One of my criticisms of past Governments would be that they sometimes saw such education as merely a matter of the physical and reproductive, not as a question of relationships and the social interactions that are needed to develop effective people. Speaking as we are in the wake of the Baby P episode and the news of the family in Sheffield this morning, we are clearly not yet raising young people to be effective parents and to optimise their parenting ability. Heaven knows that not only do we need a short-term strategy for resolving the difficulties in particular processes and in particular cases, but that hon. Members need a strategic view on how to ensure that in generations to come we reduce the number of those one-off cases, and allow people to benefit and flourish as individuals, so that they can realise themselves as effective parents.
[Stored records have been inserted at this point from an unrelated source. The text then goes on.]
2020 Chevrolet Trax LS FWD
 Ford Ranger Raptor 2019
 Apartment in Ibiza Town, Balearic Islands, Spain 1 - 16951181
I agree with the hon. Gentleman on parental responsibility to this extent: there are those who cannot exercise the responsibility that he clearly does, and I hope everyone in the Chamber does, and we need to ensure that it is possible for everyone to do so. What is good enough for him and for me is good enough for the kids who are having children in my constituency. The help that they need is not just SRE and education on making good life choices.

Those young people, or young mothers—the hon. Gentleman talked about parents, and I do not mean to pick him up linguistically, but in my experience it is often more correct to talk about one parent—can benefit incredibly from having a one-to-one relationship with a health visitor who teaches them how to raise their child in a loving way, and teaches that child how to get the best out of school. That takes a little bit of money early on.

The hon. Gentleman may know that I am a disciple of early intervention. A pound spent in the early days is worth £100 spent later on. Primary SEAL—social and emotional aspects of learning—enables young people who do not get the relevant learning at home to learn the basics of how to get on in life and what to do socially to make the best of themselves.